Sunday, August 15, 2021

Afghanistan: What We Should Do.

 I thought I was alone in this opinion, but in Bloomberg's editorial today:

Even at this late date, the U.S. should stand with what remains of the national government and the heroic holdouts in the Afghan armed forces. Targeted U.S. air strikes and a rushed deployment of 5,000 American troops may yet stave off a collapse of the capital and buy precious time for evacuations. But no one should doubt the end game: In all likelihood, the Taliban will soon be in complete command.

And:

As a start, the administration must offer more help to the Afghan people. It should continue funding the government and military as long as they remain viable, while also offering aid to civil society. It should accelerate efforts to evacuate the roughly 17,000 Afghans who worked for the U.S. — as cooks, translators, drivers, security guards and engineers — and have now become targets, along with their families. It should make every possible effort to enable imperiled Afghans in the broader population to flee, including establishing air corridors. And it should work with its allies to establish a viable resettlement plan for refugees, while pressuring Pakistan and Iran to accept their share.

Not exactly my view.

I subscribe more to the "you broke it, you bought it" model of things.  And this is our responsibility.

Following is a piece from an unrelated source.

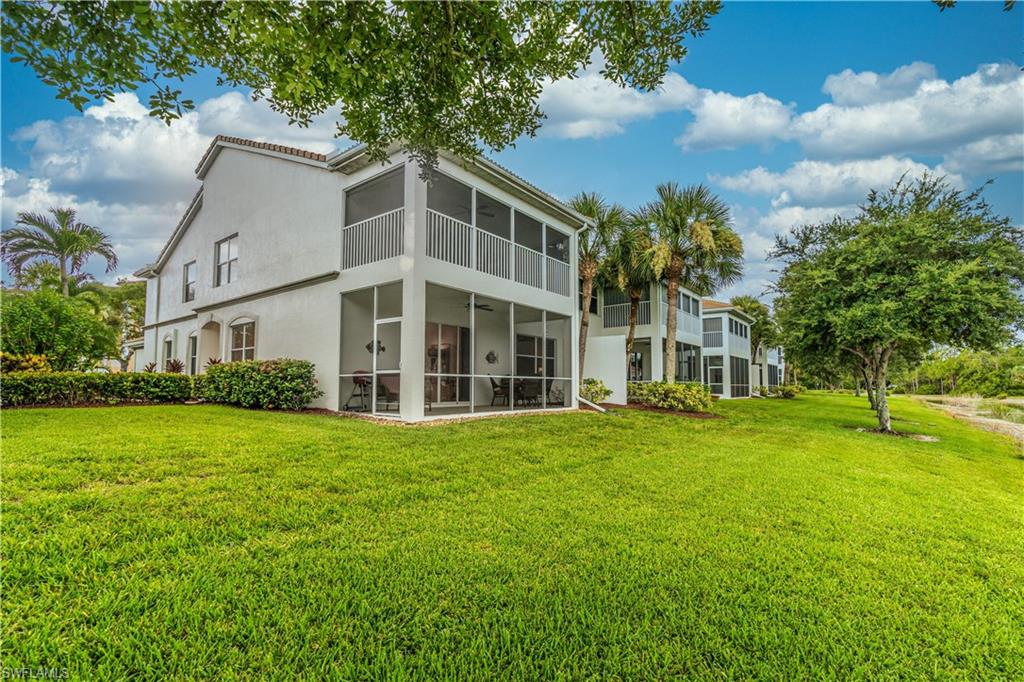 6817 Sterling Greens Dr 102 Property Photo 18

We should stand with stand with the remaining Afghan forces still fighting, and by standing with them, go back in, in force while we still have a toehold.

Let's be honest, the Taliban isn't the Herman Goering Division, or a seasoned NVA unit in 1975.  It's never been that adept of a fighting force.  It is, basically, a religiously motivated force of very light infantry.  If we go back in, it'll collapse rapidly.

We should.

But we won't. We will instead sit by cowardly and wring our hands about how awful this is, and in a few weeks be blaming the Afghans for their loss.

Not that this isn't without some merit. The country never put together a government anyone could love.  People who might wonder why the Saur Revolution happened in 1978 have an idea now. The country is a mess.

None of which proves the opposite.  A brave nation would go back in.  We're not going to do that.